Leaving out the pictures, reproduce each record exactly and in full.

-- Opening Marker --

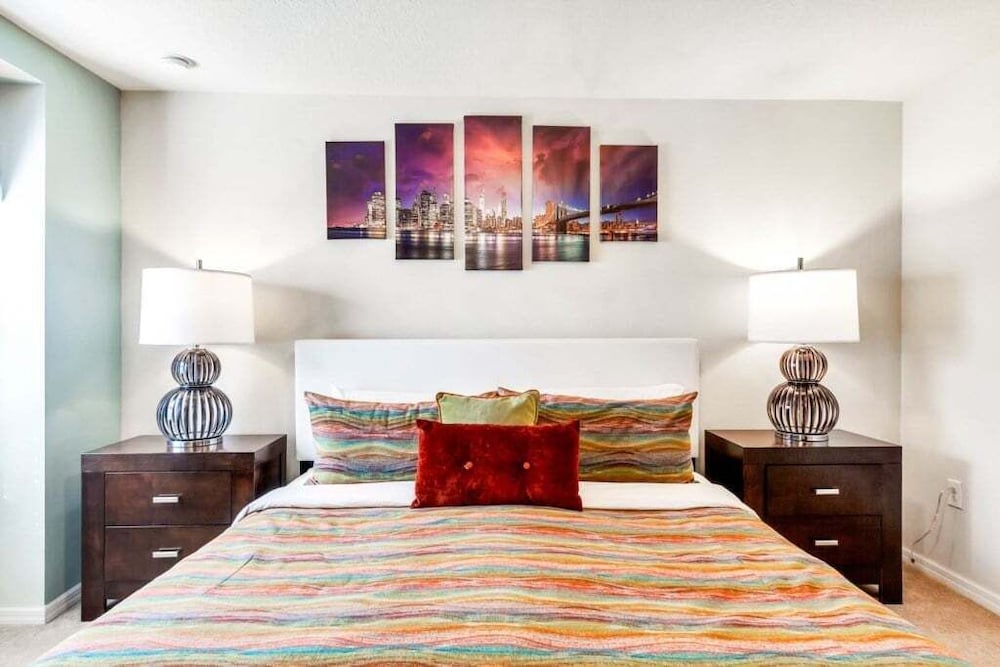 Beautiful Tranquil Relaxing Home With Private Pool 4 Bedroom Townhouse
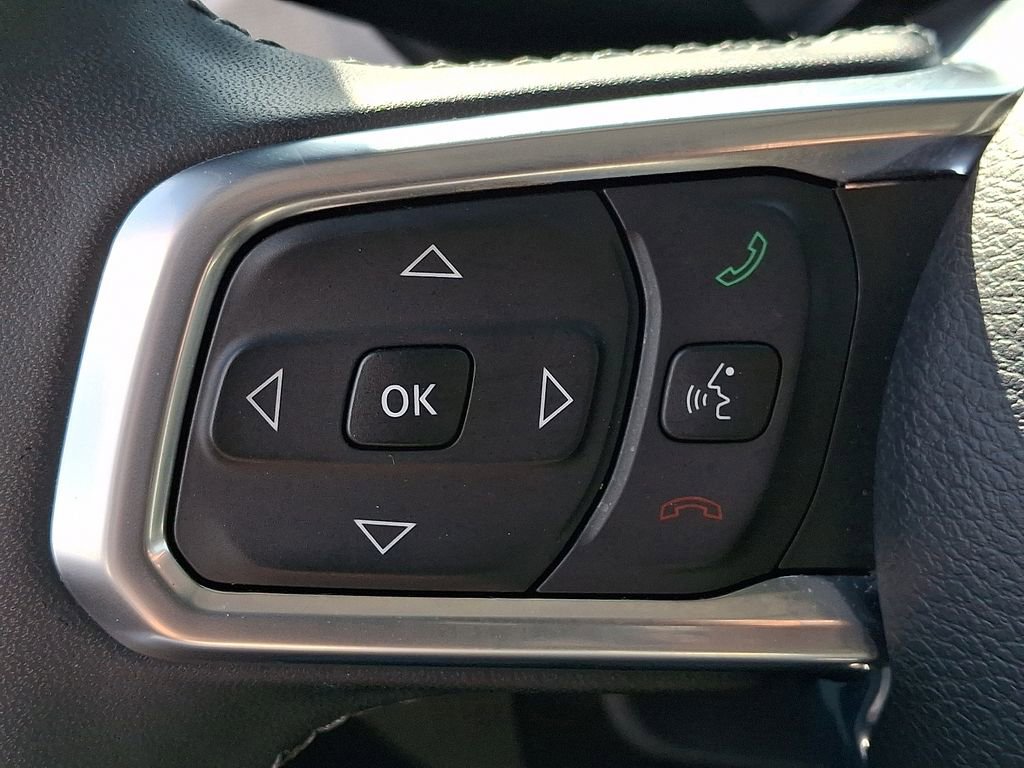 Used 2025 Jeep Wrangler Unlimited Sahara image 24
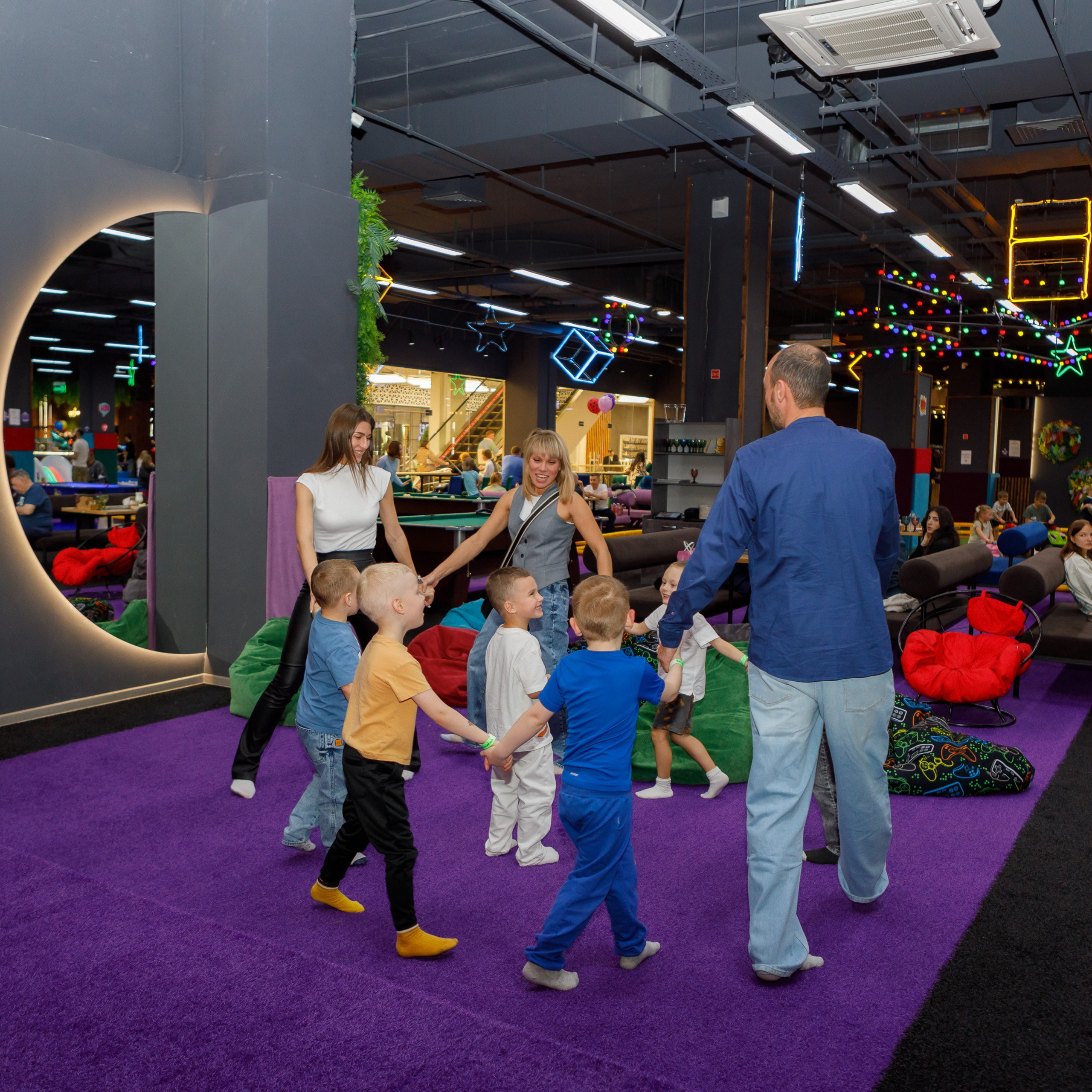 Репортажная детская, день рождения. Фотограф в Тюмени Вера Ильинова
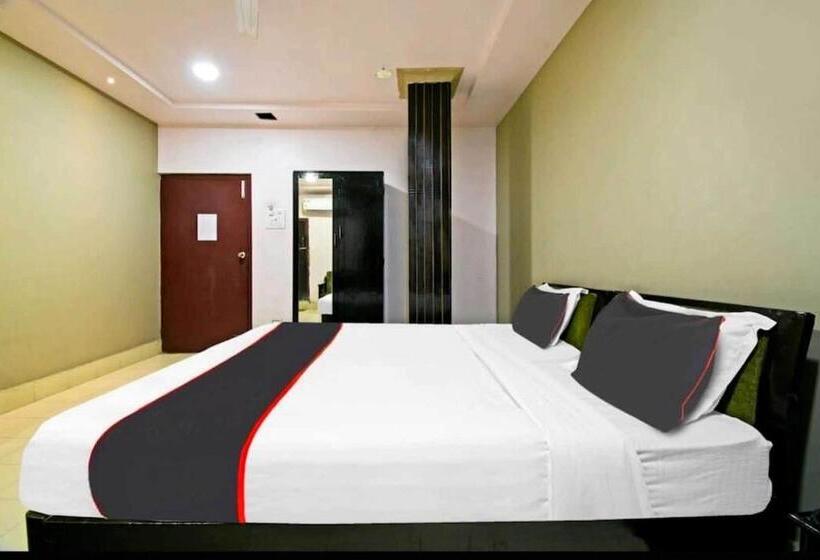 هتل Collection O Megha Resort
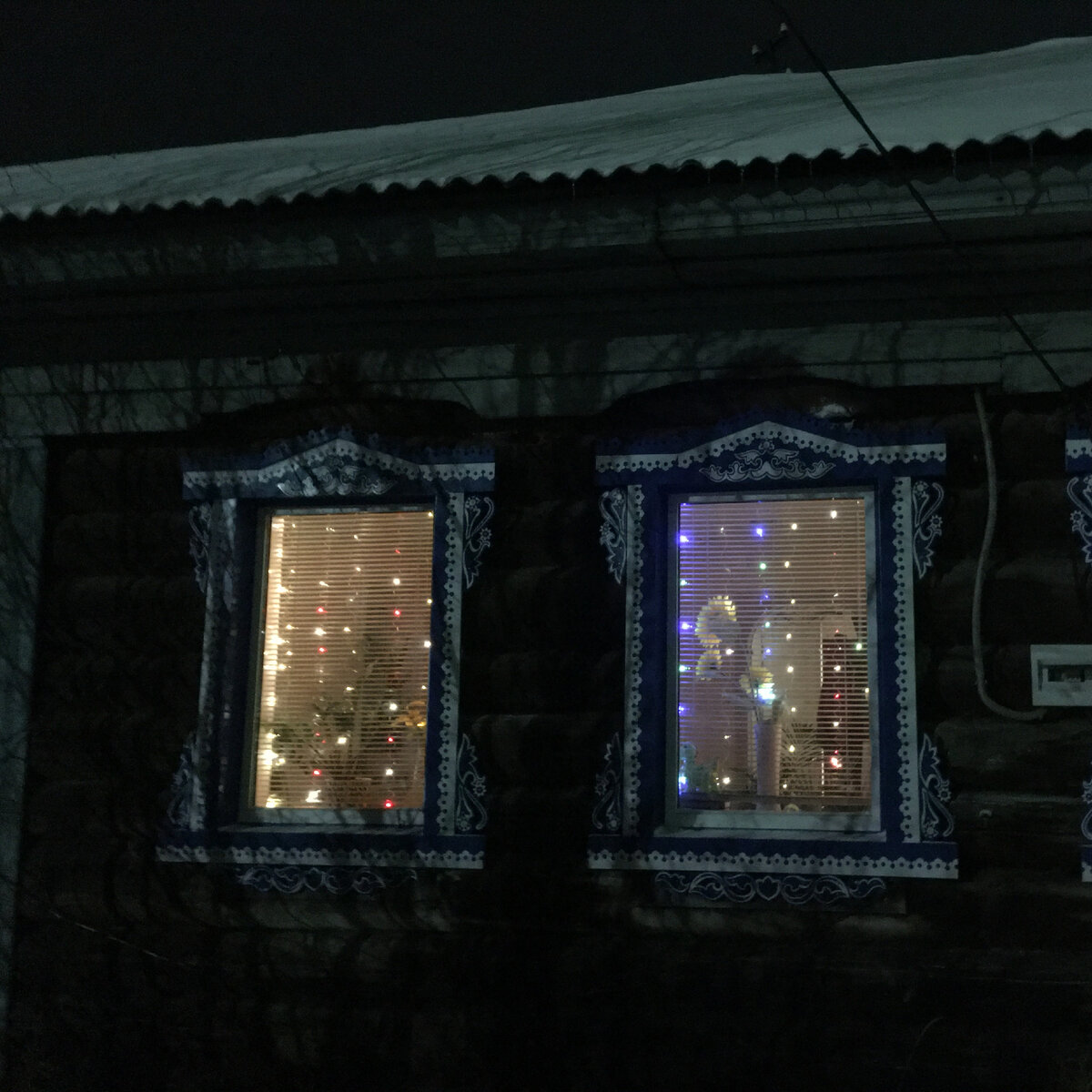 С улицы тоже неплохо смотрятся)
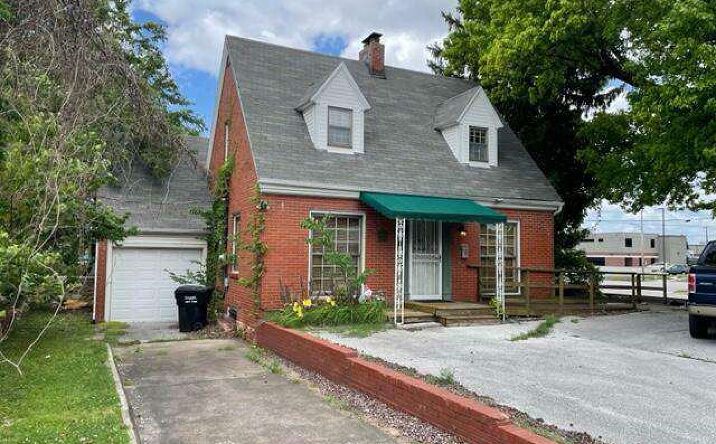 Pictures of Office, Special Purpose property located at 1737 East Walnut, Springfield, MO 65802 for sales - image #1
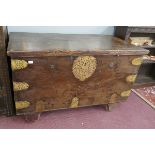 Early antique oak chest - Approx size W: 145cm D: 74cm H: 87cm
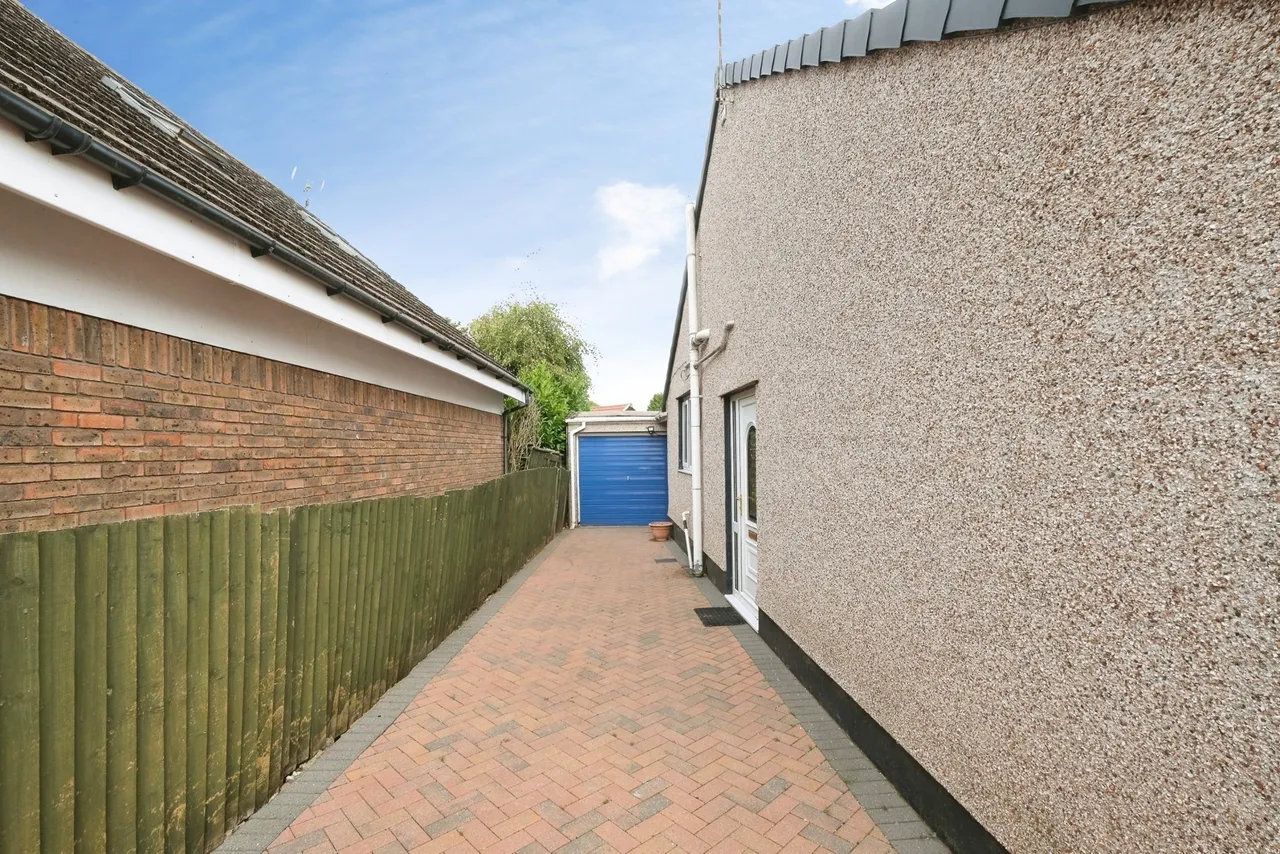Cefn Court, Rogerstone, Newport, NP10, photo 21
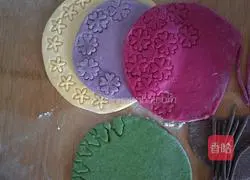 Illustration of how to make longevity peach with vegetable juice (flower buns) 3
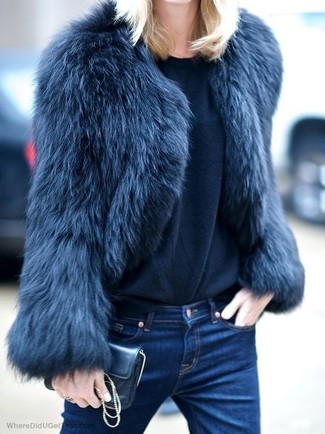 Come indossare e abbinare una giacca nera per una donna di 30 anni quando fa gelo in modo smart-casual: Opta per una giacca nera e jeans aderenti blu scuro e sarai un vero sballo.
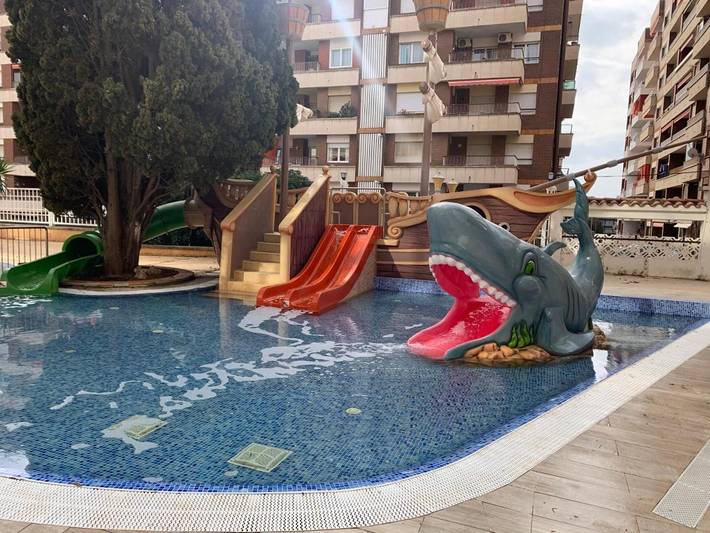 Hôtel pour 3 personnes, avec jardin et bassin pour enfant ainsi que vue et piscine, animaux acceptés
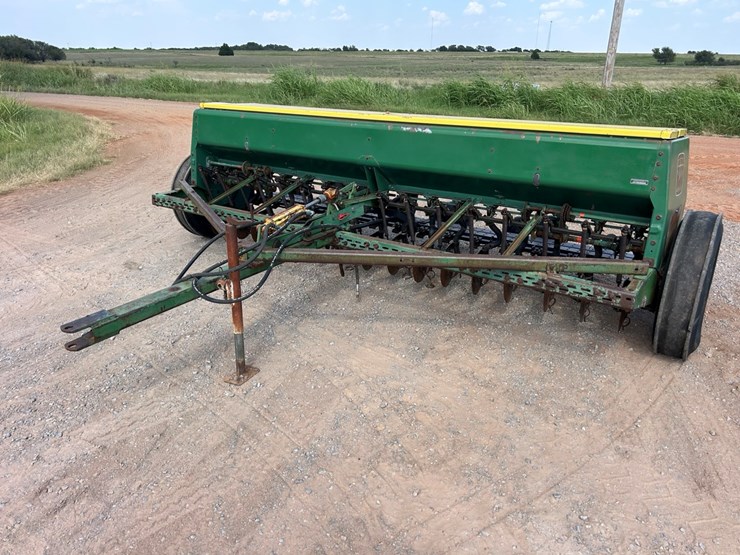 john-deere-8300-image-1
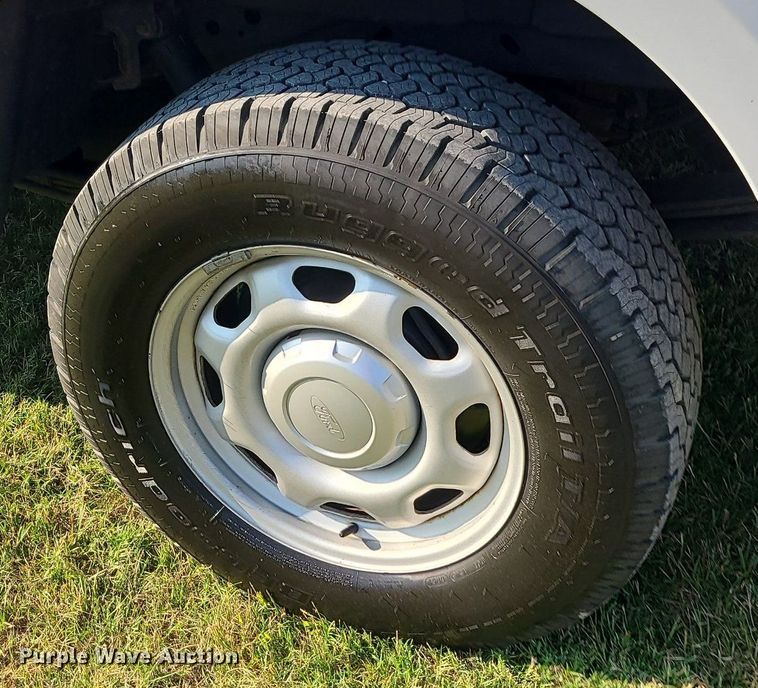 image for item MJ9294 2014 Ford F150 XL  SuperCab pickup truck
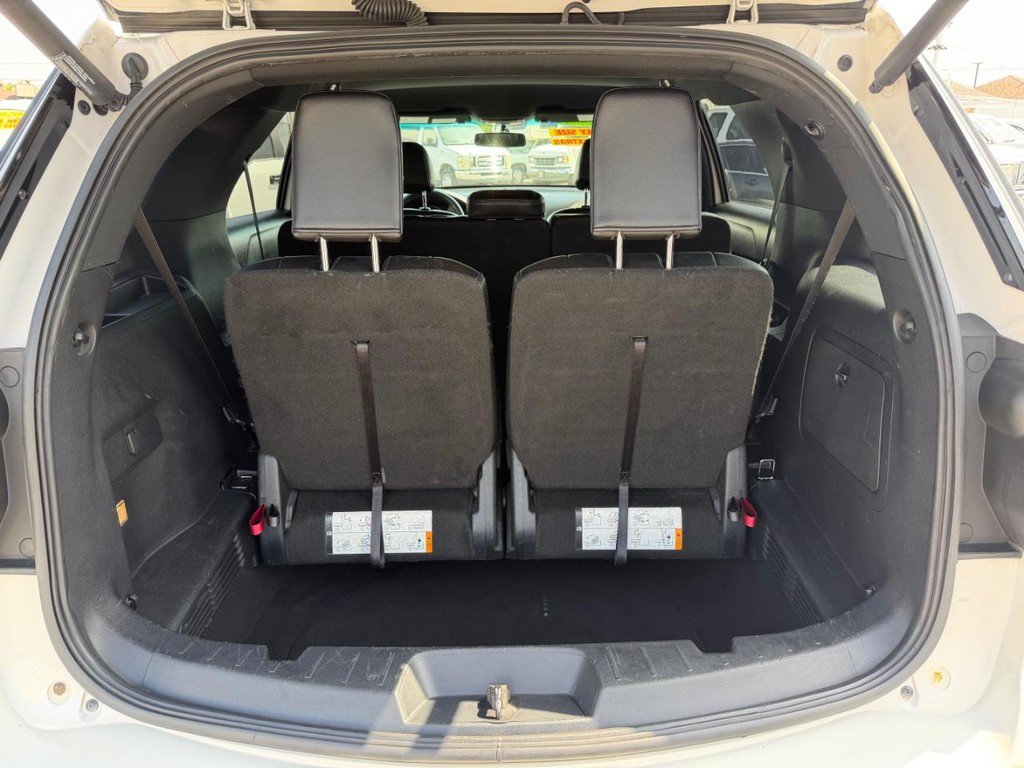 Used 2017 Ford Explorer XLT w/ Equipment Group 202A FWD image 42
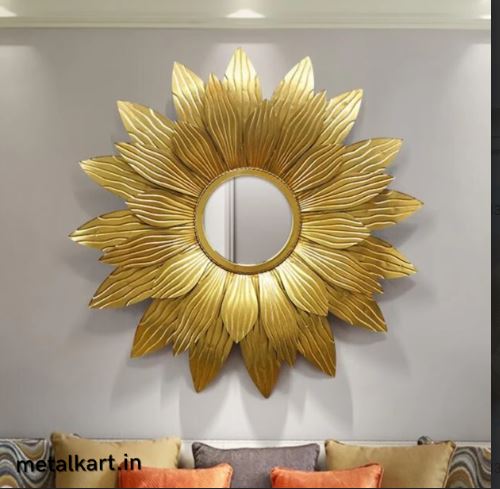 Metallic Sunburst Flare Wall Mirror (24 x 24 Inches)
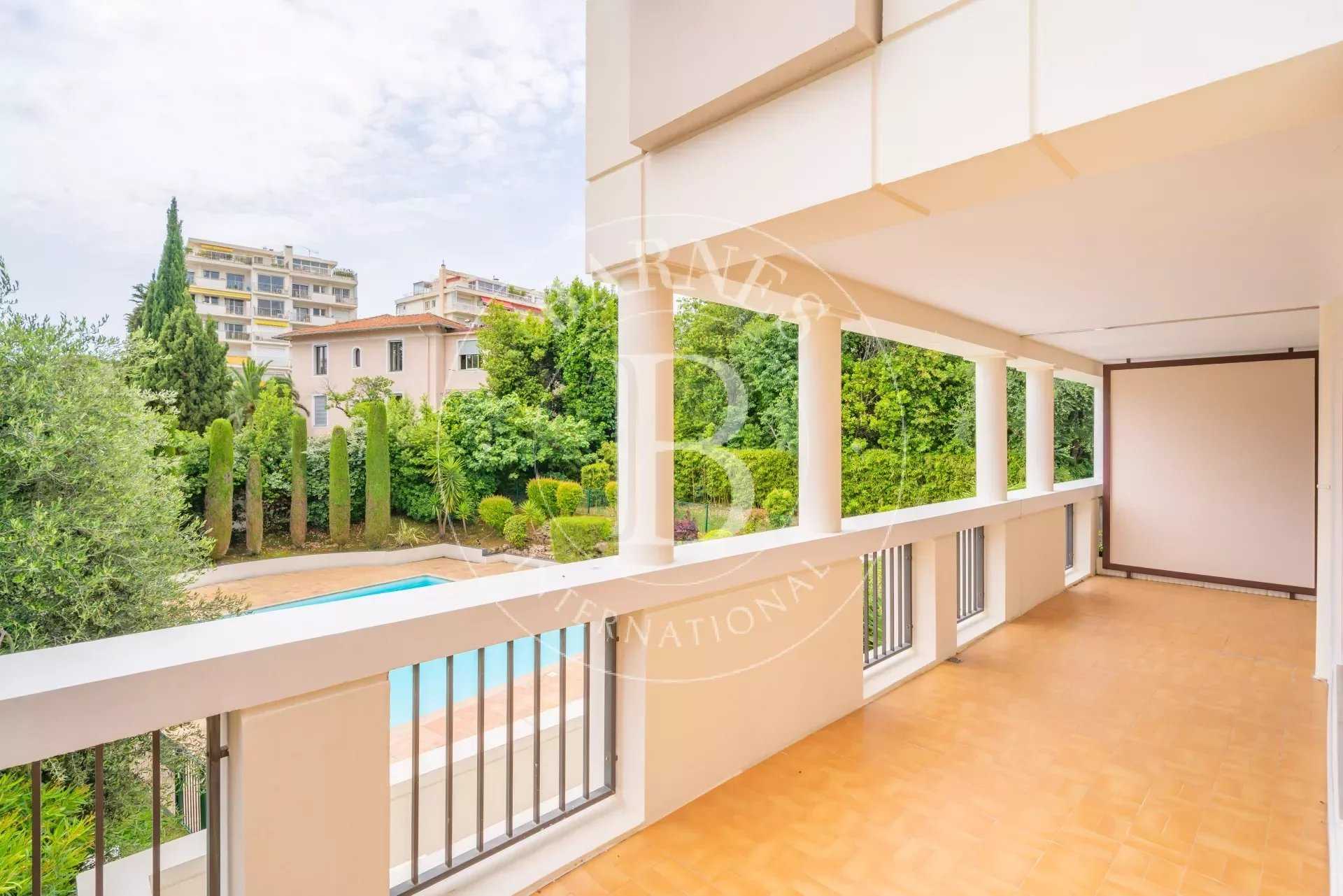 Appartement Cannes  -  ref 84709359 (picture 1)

-- Closing Marker --

### [YOUR RESPONSE]
 Beautiful Tranquil Relaxing Home With Private Pool 4 Bedroom Townhouse
 Used 2025 Jeep Wrangler Unlimited Sahara image 24
 Репортажная детская, день рождения. Фотограф в Тюмени Вера Ильинова
 هتل Collection O Megha Resort
 С улицы тоже неплохо смотрятся)
 Pictures of Office, Special Purpose property located at 1737 East Walnut, Springfield, MO 65802 for sales - image #1
 Early antique oak chest - Approx size W: 145cm D: 74cm H: 87cm
Cefn Court, Rogerstone, Newport, NP10, photo 21
 Illustration of how to make longevity peach with vegetable juice (flower buns) 3
 Come indossare e abbinare una giacca nera per una donna di 30 anni quando fa gelo in modo smart-casual: Opta per una giacca nera e jeans aderenti blu scuro e sarai un vero sballo.
 Hôtel pour 3 personnes, avec jardin et bassin pour enfant ainsi que vue et piscine, animaux acceptés
 john-deere-8300-image-1
 image for item MJ9294 2014 Ford F150 XL  SuperCab pickup truck
 Used 2017 Ford Explorer XLT w/ Equipment Group 202A FWD image 42
 Metallic Sunburst Flare Wall Mirror (24 x 24 Inches)
 Appartement Cannes  -  ref 84709359 (picture 1)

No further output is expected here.